Research Articles present fully developed analysis, results, and discussion of on scientific topics within the scope of the journal. They are expected to present new theories and novel concepts along with their applications, and the results should be significant. Although there is no limitation of space, to encourage clarity, and conciseness of presentation excess length fees are charged for manuscripts longer than 25 publication units. These manuscripts are handled by the editorial staff of the journal and are typically sent to multiple reviewers.
Research Letters (in Geophysical Research Letters) are communications-length articles on major scientific advances in all major geoscience disciplines.

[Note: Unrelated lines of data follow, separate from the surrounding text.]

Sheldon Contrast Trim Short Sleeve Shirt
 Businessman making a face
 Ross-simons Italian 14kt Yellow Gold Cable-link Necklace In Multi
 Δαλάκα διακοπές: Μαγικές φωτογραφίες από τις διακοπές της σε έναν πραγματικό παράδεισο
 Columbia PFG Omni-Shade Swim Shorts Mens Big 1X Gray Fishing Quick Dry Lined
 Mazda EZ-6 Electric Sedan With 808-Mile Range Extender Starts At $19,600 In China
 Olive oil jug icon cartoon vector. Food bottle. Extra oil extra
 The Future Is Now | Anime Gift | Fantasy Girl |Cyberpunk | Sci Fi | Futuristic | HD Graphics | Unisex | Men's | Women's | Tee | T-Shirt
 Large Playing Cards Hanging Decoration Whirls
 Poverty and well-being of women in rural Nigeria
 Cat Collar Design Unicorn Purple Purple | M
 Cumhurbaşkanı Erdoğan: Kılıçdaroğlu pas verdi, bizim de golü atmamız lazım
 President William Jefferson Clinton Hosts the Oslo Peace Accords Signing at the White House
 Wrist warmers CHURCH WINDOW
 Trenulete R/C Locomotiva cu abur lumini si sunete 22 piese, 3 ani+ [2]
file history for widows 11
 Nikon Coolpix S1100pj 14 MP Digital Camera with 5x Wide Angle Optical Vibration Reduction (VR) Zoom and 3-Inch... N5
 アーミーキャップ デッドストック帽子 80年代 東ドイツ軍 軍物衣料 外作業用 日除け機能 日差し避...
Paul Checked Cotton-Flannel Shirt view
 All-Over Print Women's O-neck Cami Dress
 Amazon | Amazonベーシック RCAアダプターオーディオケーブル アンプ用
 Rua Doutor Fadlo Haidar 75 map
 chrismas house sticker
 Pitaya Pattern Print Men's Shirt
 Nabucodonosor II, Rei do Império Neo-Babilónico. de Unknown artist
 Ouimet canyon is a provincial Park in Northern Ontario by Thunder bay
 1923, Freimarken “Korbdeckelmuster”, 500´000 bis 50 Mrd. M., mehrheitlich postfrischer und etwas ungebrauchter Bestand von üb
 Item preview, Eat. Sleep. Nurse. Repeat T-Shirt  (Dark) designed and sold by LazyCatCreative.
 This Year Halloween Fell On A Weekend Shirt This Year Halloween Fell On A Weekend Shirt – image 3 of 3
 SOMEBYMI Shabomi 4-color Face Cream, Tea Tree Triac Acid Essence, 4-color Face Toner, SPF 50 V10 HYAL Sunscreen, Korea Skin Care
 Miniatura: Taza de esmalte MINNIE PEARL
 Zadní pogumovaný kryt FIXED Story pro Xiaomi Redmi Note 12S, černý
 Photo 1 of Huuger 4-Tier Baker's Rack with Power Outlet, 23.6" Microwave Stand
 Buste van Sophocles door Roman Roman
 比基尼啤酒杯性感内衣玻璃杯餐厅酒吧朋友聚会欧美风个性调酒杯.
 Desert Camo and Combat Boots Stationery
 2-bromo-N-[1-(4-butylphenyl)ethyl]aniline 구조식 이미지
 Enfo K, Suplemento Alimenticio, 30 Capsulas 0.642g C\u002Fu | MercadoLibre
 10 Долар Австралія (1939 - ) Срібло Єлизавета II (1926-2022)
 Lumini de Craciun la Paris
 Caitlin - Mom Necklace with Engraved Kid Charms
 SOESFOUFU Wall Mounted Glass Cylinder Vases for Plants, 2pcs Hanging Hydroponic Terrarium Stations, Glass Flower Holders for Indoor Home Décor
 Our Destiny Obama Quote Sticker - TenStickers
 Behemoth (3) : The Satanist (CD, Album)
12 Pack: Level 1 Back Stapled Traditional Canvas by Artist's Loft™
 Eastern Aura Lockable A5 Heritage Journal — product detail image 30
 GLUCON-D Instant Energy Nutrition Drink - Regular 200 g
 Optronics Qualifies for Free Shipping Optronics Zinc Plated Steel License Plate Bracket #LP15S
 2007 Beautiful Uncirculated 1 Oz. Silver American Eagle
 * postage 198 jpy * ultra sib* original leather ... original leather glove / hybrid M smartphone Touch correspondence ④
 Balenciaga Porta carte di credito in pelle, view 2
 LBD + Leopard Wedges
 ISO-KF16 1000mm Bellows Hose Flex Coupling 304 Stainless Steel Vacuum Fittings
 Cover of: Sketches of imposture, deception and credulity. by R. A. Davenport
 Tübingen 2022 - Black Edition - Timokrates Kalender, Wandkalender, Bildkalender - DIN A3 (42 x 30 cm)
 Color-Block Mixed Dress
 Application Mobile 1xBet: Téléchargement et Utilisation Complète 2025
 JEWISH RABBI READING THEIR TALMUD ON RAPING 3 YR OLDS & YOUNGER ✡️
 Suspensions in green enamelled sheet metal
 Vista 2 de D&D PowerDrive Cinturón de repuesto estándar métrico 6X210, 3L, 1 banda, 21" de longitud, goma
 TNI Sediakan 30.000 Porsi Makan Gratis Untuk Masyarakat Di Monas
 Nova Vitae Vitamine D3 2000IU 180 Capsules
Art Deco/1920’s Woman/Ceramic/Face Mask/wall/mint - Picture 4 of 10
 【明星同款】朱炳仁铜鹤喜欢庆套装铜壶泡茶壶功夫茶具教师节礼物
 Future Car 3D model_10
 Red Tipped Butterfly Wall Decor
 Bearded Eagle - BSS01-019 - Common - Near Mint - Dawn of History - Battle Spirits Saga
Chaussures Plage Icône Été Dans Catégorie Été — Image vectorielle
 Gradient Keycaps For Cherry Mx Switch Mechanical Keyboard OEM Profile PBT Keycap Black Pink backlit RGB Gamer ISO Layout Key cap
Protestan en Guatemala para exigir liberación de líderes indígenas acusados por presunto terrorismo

Papers and should have broad and immediate implications in their discipline or across the geosciences.
Commentaries provide reflections or context around a recent article in an AGU or another journal, an emerging or controversial topic in a specific scientific field, a scientific topic with societal implications, or a recent meeting, session, or workshop. Although submitted to a specific journal the audience is the broad Earth and space science community. Recommended length is 1-3 published pages (up to 6 publishing units with a table or figure). For further details see Commentaries in AGU Journals: Guidelines for Authors.
Review Articles are invited or submitted papers that review and synthesize recent literature on a given topic. Recommended length is 10-15 published pages excluding references and supporting material (no more than 30 publishing units with approximately 6 figures or tables).
Comments elaborate, criticize, or correct papers previously published in AGU journals. Comments are limited to the equivalent of 2 published pages (about 5 publishing units).
Replies are written by the authors of the paper being commented on. Replies are limited to the equivalent of 2 published pages (about 5 publishing units).
Frontier Articles (in Geophysical Research Letters) are invited articles that present a review of recent cutting-edge advances in a leading scientific field at the forefront of one or several AGU disciplines, if possible including new results.
Technical Reports: Data papers describe important Earth and space science data sets and observations, including those that support innovative research and theoretical developments published elsewhere. The papers should provide an example of a relevant scientific application to demonstrate the usefulness of the data. The data set may refer to experimental studies, lab measurements, modeling output, or observations. These papers should not exceed 13 Publication units.
Technical Reports: Methods papers describe new analytical or experimental methods and other technical advances, including computer programs and instrumentation, that enable new science. These papers should not exceed 13 Publication Units and will typically include at least one illustrative example application.